**TASK**
Copy each line below word for word and drop every image.

**RECORDED INFORMATION**

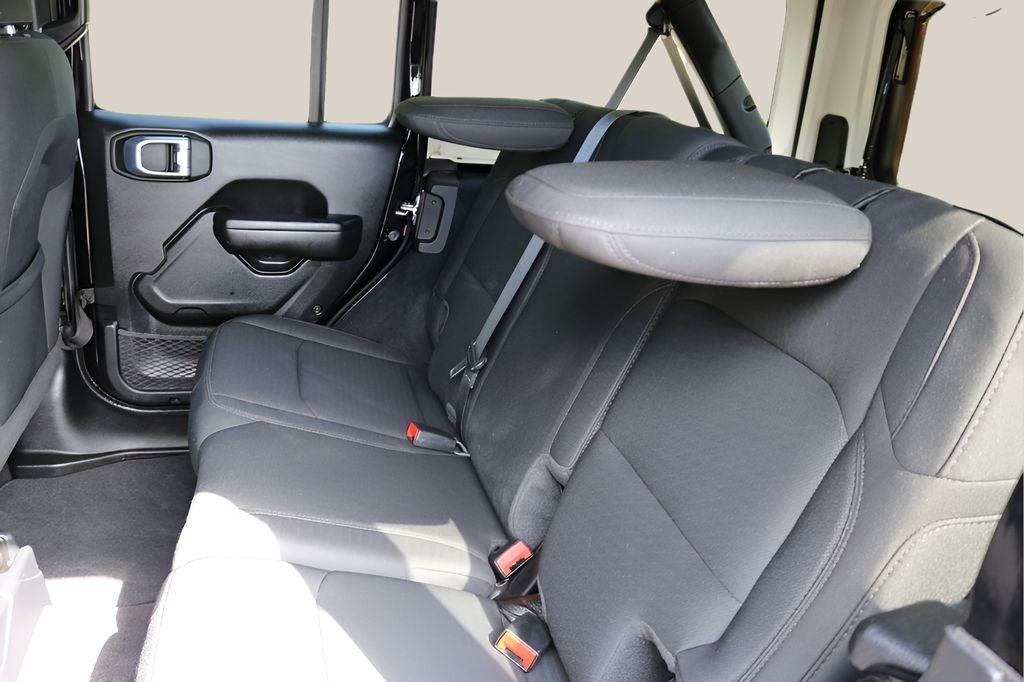 used 2021 Jeep Wrangler Unlimited car, priced at $30,324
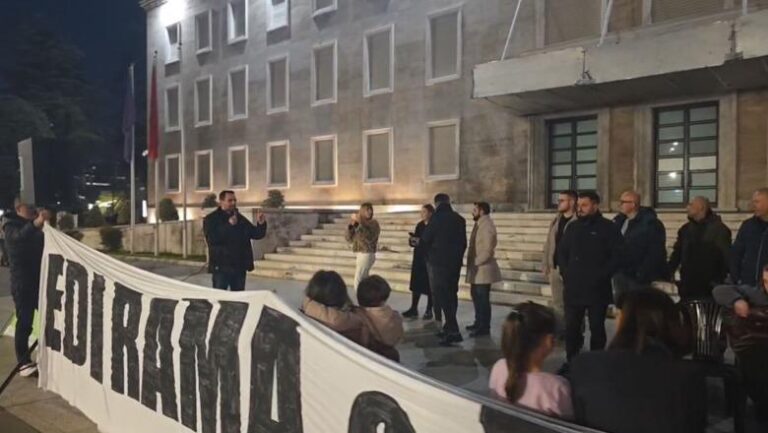 PS rrëzoi kërkesën e SPAK për arrestimin e Ballukut, Lapaj te Kryeministria: 82 deputetë rrëzuan Republikën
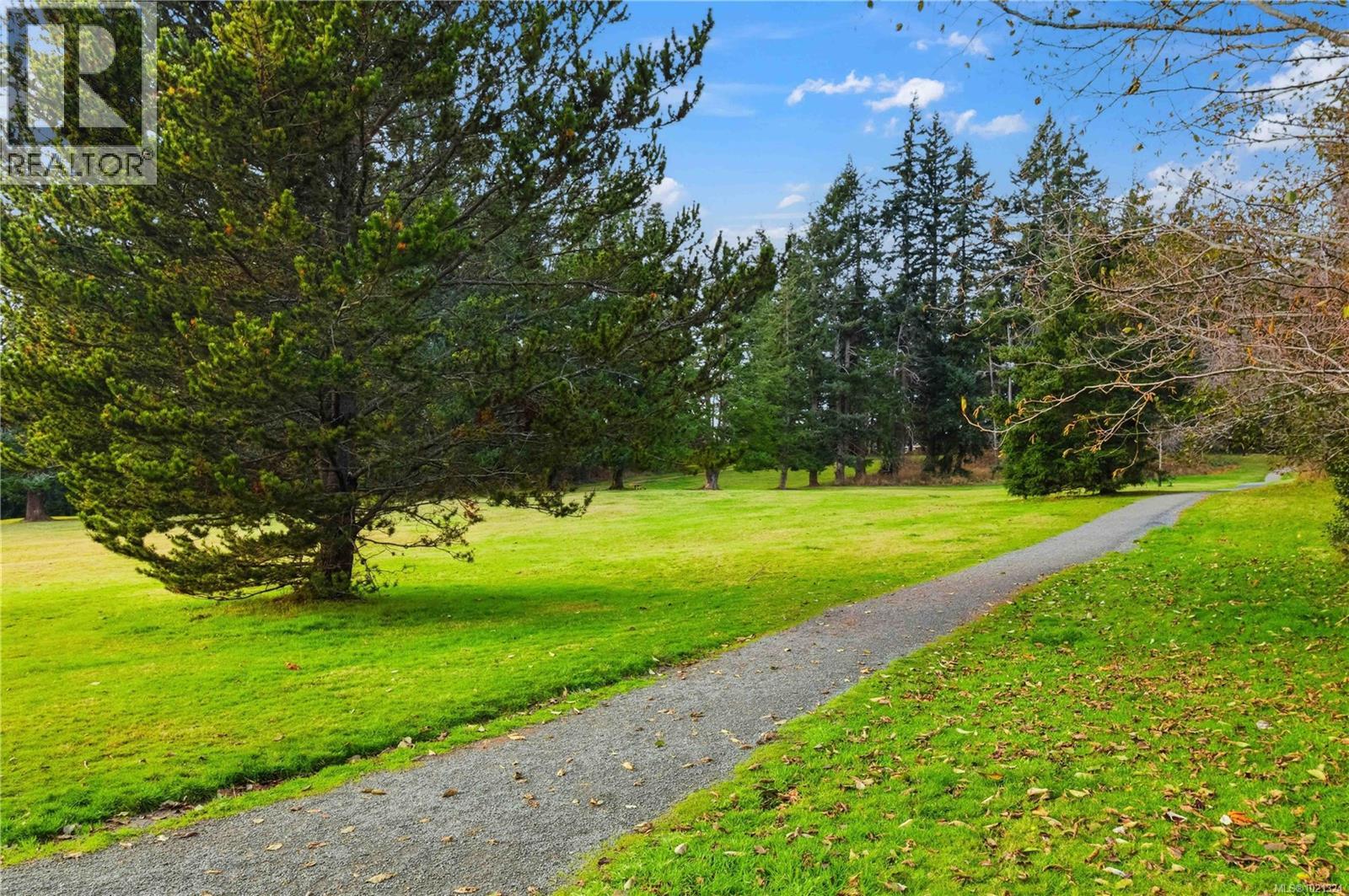 105 2248 Townsend Rd, Sooke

**TASK OUTPUT**
 used 2021 Jeep Wrangler Unlimited car, priced at $30,324
 PS rrëzoi kërkesën e SPAK për arrestimin e Ballukut, Lapaj te Kryeministria: 82 deputetë rrëzuan Republikën
 105 2248 Townsend Rd, Sooke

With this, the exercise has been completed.